The remaining of this exercise is intended to be used on taking the simple cnn mnist classifier from yesterdays exercise and force it into this structure. You are not required to fill out every folder and file in the project structure, but complete the following steps. When you need to run a file I recommend always doing this from the root directory e.g.

  python src/data/make_dataset.py data/raw data/processed
  python src/models/train_model.py <arguments>
  ect...

in this way paths (for saving and loading files) are always relative to the root.

  1. After having created your project we are going to install it as a package in our conda enviroment. Either run
    # install in a terminal in your conda env
    pip install -e .
    # or 
    conda develop .
    

    In addition you may need to run

    pip install -r requirements.txt
    

    to install additional packages required by cookie-cutter.

  2. Start by filling out the src/data/make_dataset.py file. When this file runs, it should take the raw data files in data/raw (the files that we have provided) process them into a single tensor, normalize the tensor and save this intermediate representation to the data/processed folder.

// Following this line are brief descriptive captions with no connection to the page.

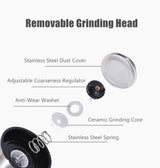 Stainless Steel Manual Salt and Pepper Grinder with Adjustable Ceramic Core - 200ML - Top-Down View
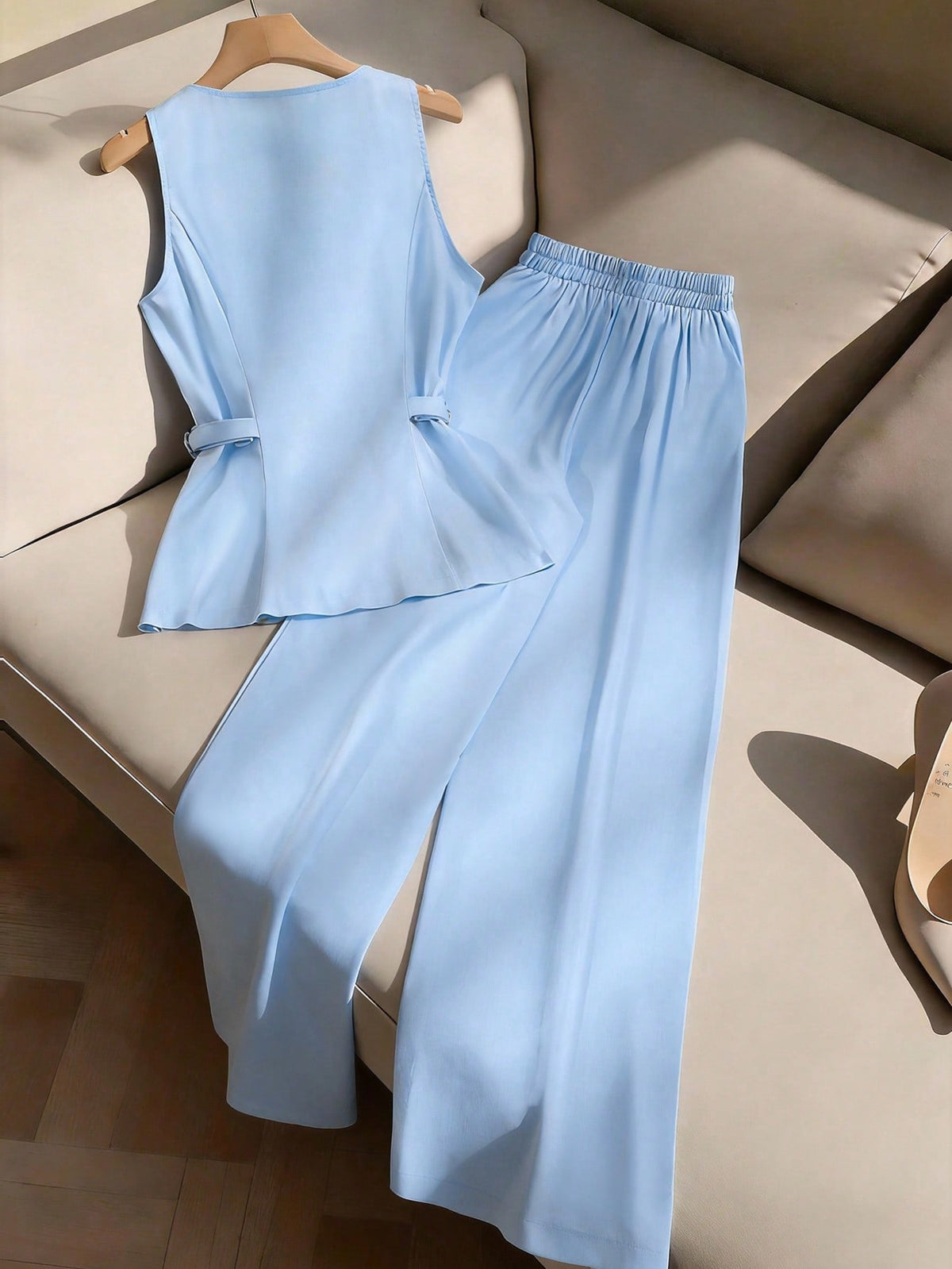 In-Stock Cross-Border Women's Clothing New European and American Fashion Commuter Suit Sleeveless Waist-Cinching Vest and Suit Pants Two-Piece Set for Women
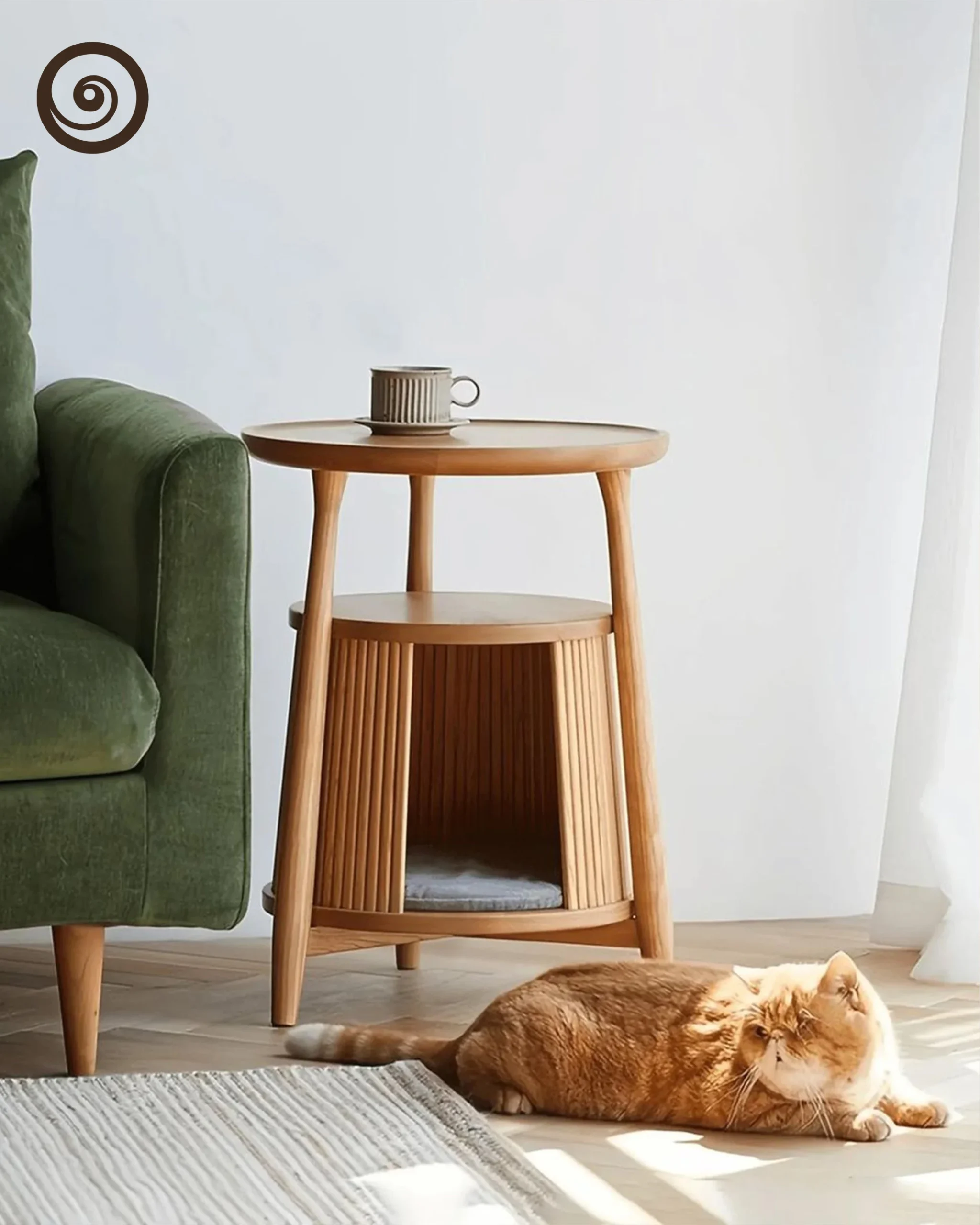 Oakly Haven Cat Bed, Book Stroge And Side Table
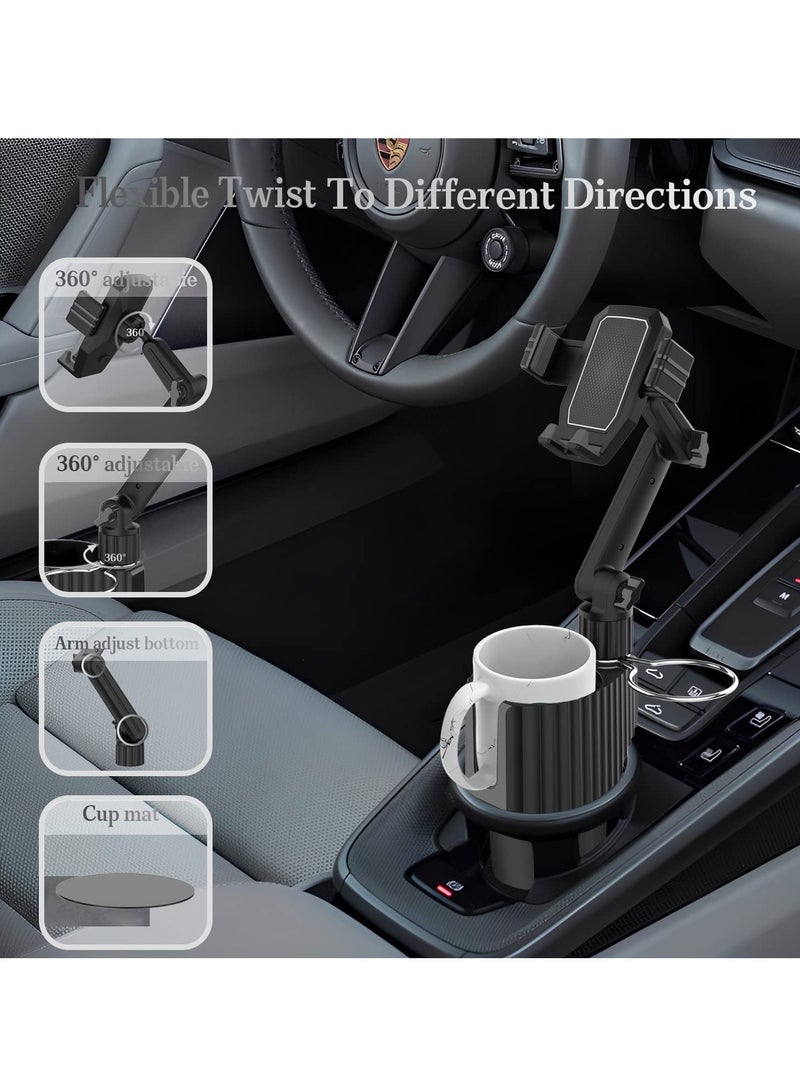 SYOSI Cup Holder Phone Mount for Car, Universal Auto Cell Phone Stand with Drink Expand Cup Holder, 360° Rotation, High Adjustable Cell Phone Cup Holder Expander Compatible with All Mobile Phones and All Ca - Image 2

  3. Every cookie-cutter project comes with a build in Makefile that can be used to easily define common operations in a project. You do not have to understand the complete file by try taking a look at it. In particular the following commands may come in handy
     make data  # runs the make_dataset.py file, try it!
     make clean  # clean __pycache__ files
     make requirements  # install everything in the requirements.py file
    

    If you are running Windows, make is not a build-in command and you either need to install chocolatey or linux subsystem for Windows.

  4. Put your model file (model.py) into src/models folder together and insert the relevant code from the main.py file into the train_model.py file. Make sure that whenever a model is trained and it is saved, that it gets saved to the models folder (preferably in sub-folders).

  5. When you run train_model.py, make sure that some statistics/visualizations from the trained models gets saved to the reports/figures/ folder. This could be a simple .png of the training curve.

  6. (Optional) Can you figure out a way to add a train command to the Makefile such that training can be started using
     make train
    
  7. Fill out the newly created src/models/predict_model.py file, such that it takes a pre-trained model file and creates prediction for some data. Recommended interface is that users can give this file either a folder with raw images that gets loaded in or a numpy or pickle file with already loaded images e.g. something like this
     python src/models/predict_model.py \
         models/my_trained_model.pt \  # file containing a pretrained model
         data/example_images.npy  # file containing just 10 images for prediction
    
  8. Fill out the file src/visualization/visualize.py with this (as minimum, feel free to add more vizualizations)
    • loads a pre-trained network,
    • extracts some intermediate representation of the data (your training set) from your cnn. This could be the features just before the final classification layer
    • Visualize features in a 2D space using t-SNE to do the dimensionality reduction
    • save the visualization to a file in the reports/figures/ folder
  9. (Optional) Feel free to create more files/visualizations (what about investigating/explore the data distribution?)

  10. Make sure to update the README.md file with a short description on how your scripts should be run

  11. Finally make sure to update the requirements.txt file with any packages that are necessary for running your code (see this set of exercises for help)